A happy marriage doesn't happen without some work and commitment. Between school and activities and household chores, finding time to be together as a couple can be elusive. And let’s face it -- after a long day of taking care of your children and juggling the demands of work and home, trying to have a “romantic” night just may not be realistic.
But the less you feel connected as a couple and the more nights you spend vegging out in front of the TV instead of talking, the more likely you’ll perpetuate that cycle -- and that, say relationship experts, can be a potential problem.
To get out of a relationship rut -- or to add even more sizzle to an already hot-and-heavy happy marriage -- try these tips from real couples on how to create healthy relationship habits.

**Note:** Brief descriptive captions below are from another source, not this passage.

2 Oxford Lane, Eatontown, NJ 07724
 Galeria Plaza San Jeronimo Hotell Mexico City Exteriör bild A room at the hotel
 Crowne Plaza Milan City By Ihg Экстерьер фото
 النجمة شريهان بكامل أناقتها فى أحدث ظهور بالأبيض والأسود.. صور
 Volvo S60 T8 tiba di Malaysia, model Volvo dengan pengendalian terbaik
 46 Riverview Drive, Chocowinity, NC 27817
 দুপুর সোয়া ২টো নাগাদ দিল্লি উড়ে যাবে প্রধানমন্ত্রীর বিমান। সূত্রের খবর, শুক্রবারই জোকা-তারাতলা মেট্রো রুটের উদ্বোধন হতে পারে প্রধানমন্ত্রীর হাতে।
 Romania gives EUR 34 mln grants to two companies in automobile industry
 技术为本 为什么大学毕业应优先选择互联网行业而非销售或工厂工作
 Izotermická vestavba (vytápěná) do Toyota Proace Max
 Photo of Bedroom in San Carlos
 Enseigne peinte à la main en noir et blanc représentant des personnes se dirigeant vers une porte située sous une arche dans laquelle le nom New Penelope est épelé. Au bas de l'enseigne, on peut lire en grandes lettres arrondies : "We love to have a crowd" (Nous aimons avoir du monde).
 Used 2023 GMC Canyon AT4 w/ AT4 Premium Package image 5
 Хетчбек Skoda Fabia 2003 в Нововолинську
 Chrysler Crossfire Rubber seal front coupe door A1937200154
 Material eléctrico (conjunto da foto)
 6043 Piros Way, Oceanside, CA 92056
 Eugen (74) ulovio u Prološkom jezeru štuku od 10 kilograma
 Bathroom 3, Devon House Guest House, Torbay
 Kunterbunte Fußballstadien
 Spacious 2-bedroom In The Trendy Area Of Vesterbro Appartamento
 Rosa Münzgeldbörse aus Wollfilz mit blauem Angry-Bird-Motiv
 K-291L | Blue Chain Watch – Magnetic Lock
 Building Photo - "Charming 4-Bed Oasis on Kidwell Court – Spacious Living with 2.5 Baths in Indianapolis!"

- Do mundane things together. That’s right: Time together doesn’t have to mean flowers and music and feeding each other truffles. Doing things together like grocery shopping or cleaning the kitchen reinforces the message for both of you that you are a team. The key is to get into the habit of spending time together, even if it’s just over folding laundry.
- Ask him to help more with the house and children. Speaking of chores, research has shown that men who do more housework get more sex. This is a no-brainer, gentlemen. There is nothing sexier than a man who rolls up his sleeves and scrubs the toilet and helps with the kids. (One of the hottest things I saw recently was a dad who had his daughter’s Hello Kitty backpack slung over his shoulder as he was walking her to school. Odds are, his wife wouldn’t trade that guy for Brad Pitt.)
- Tuck a note into his pocket. Tell your partner how much you appreciated something he did. Better yet, add something steamy that he can look forward to later when you’re alone.
- Text each other. The messages can be nice or naughty -- that’s up to you.
- Sneak in lunches. No time for a romantic dinner alone? Try to schedule lunches with your partner. If you can stagger your work schedule and go in a bit later some mornings, try to have breakfast together. Think of time with your spouse as being as important as a business appointment or a client -- schedule time with each other as you would a business meeting.
- Pay attention to each other’s needs. One wife told me that her husband bought her a new notebook because she’d mentioned that she’d like to start a journal. She, for her part, tries to make sure that she buys him a card or writes a note to tell him what he means to her, especially if he’s having a tough time with something at work.
- Try to have regular date nights. Even if it’s just once a month, having a regular date with your partner is an important part of a relationship. If you don’t want to pay for a sitter, trade off with another couple. Grade-schoolers are old enough to hang out and have dinner or sleepovers at each other’s houses, so take advantage of it.
The most important thing couples can do for each other and for their children is to keep their connection strong and healthy. By introducing some relationship-building habits into your marriage, you’ll create routines that your whole family will benefit from for years to come.